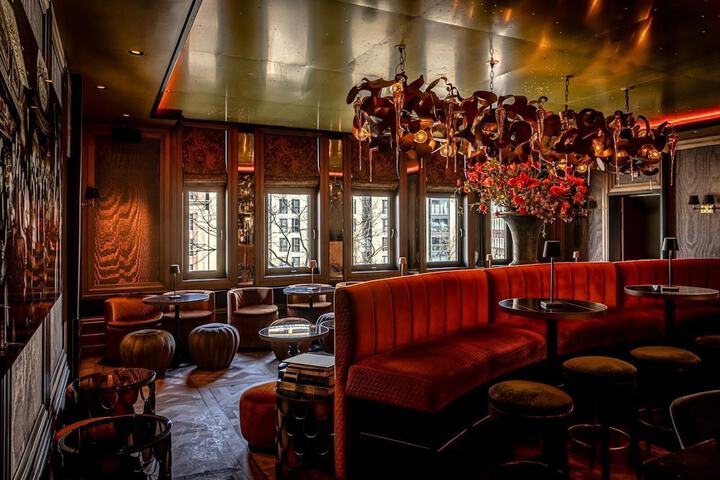 Lounge 82 of 87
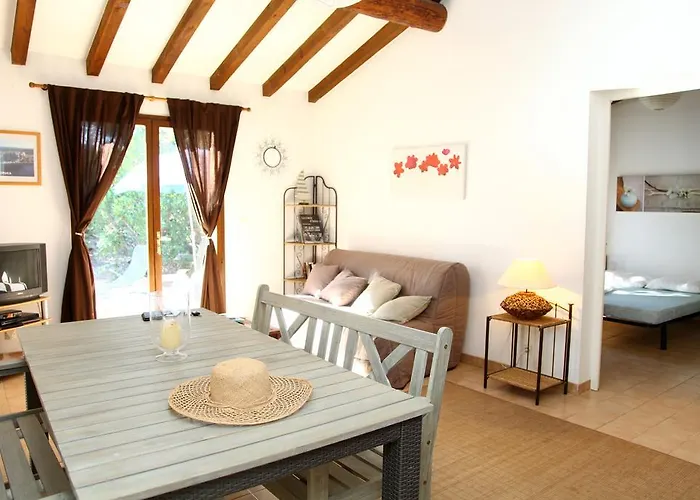 Les Hameaux De Pietragione * بورتو فيكشْيو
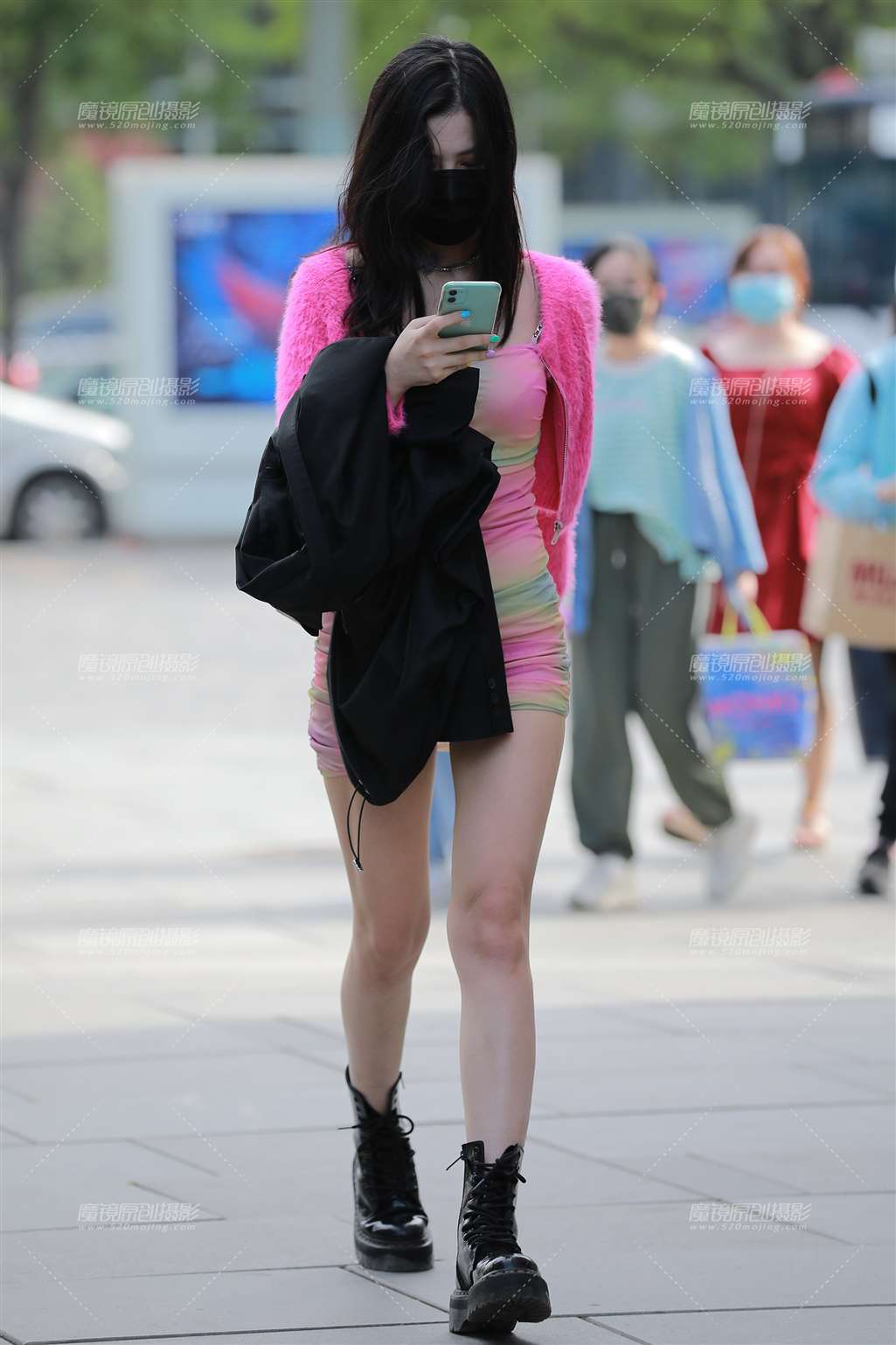 图片[3]-紧身包臀裙美女-街拍流行馆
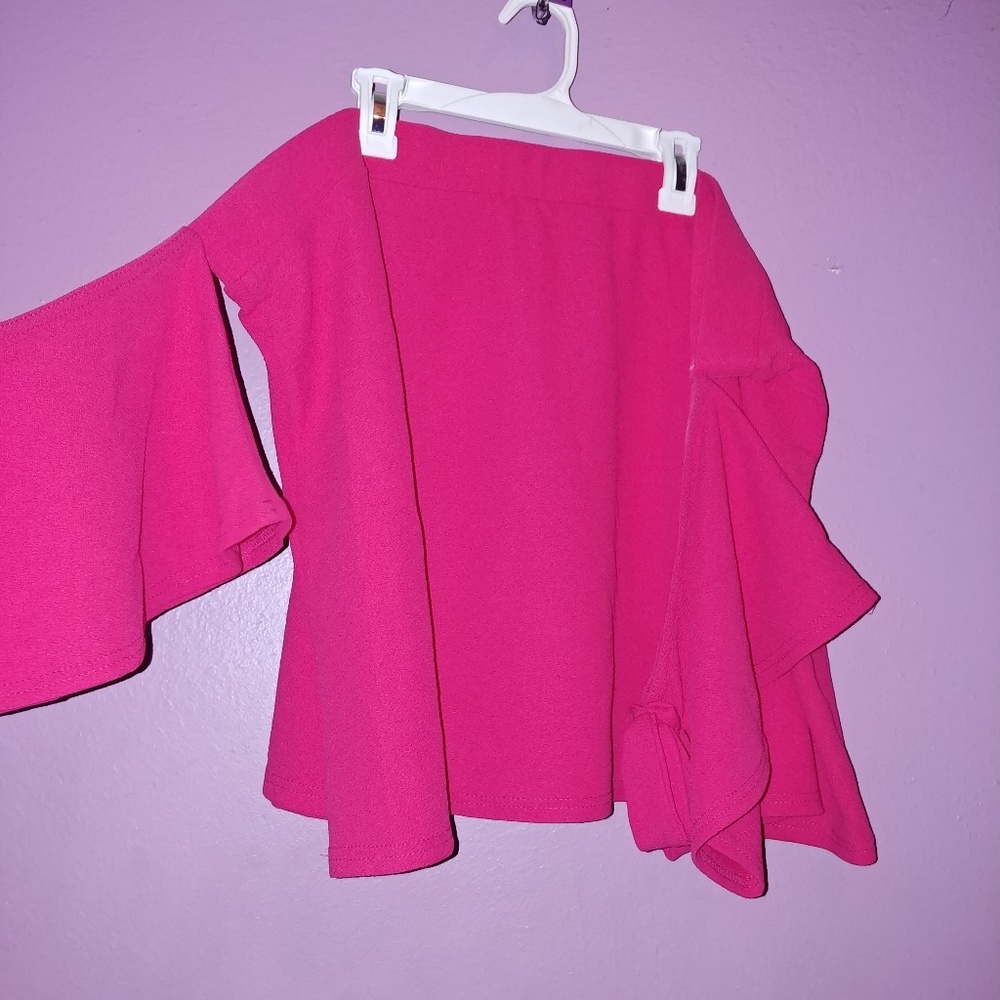 Off-the-shoulder shirt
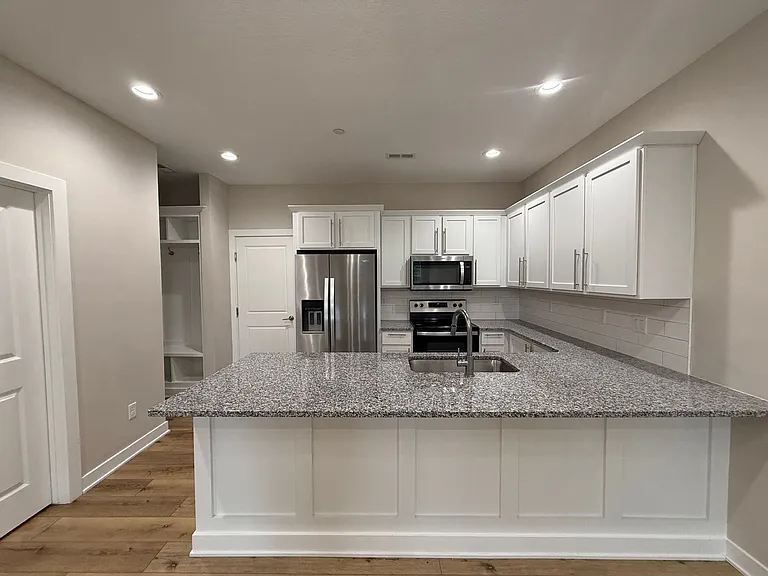 10101 Stark Dr — Photo 4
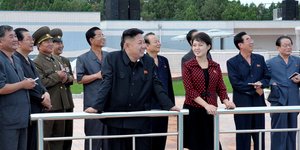 Ο Κιμ Γιονγκ Ουν και η γυναίκα του Ρι Σολ Τζου (Φωτογραφία: ΑΡ) 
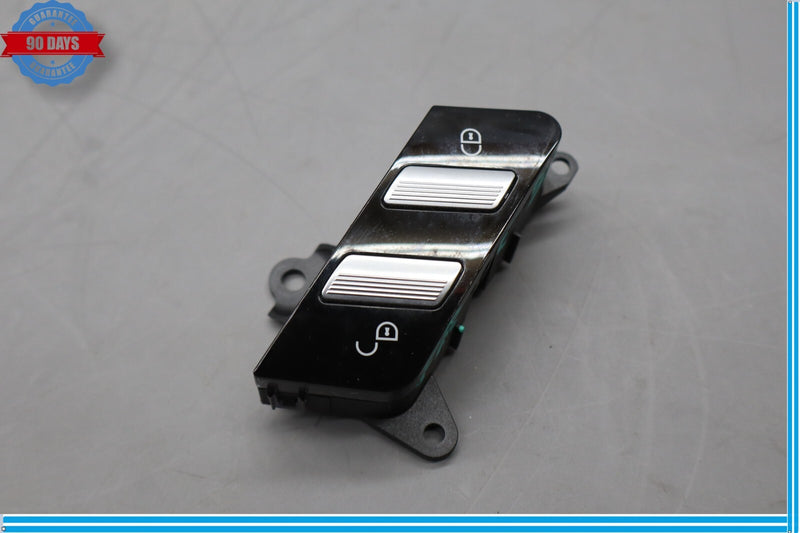 Load image into Gallery viewer, 07-14 Mercedes S550 CL550 Front Right Passenger Door Lock Switch A2218213151 Oem
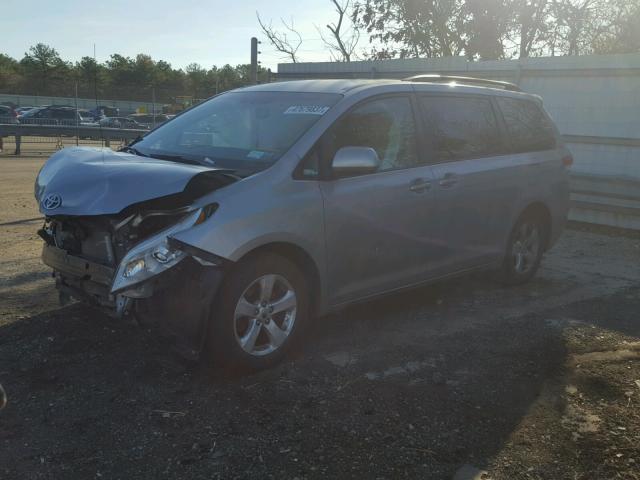 5TDKK3DCXBS008969 - 2011 TOYOTA SIENNA LE SILVER photo 2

────────

[Task brief]: No pictures belong in the answer; copy all other parts of the listing exactly.

[The completed task]:
 Lounge 82 of 87
 Les Hameaux De Pietragione * بورتو فيكشْيو
 图片[3]-紧身包臀裙美女-街拍流行馆
 Off-the-shoulder shirt
 10101 Stark Dr — Photo 4
 Ο Κιμ Γιονγκ Ουν και η γυναίκα του Ρι Σολ Τζου (Φωτογραφία: ΑΡ) 
 Load image into Gallery viewer, 07-14 Mercedes S550 CL550 Front Right Passenger Door Lock Switch A2218213151 Oem
 5TDKK3DCXBS008969 - 2011 TOYOTA SIENNA LE SILVER photo 2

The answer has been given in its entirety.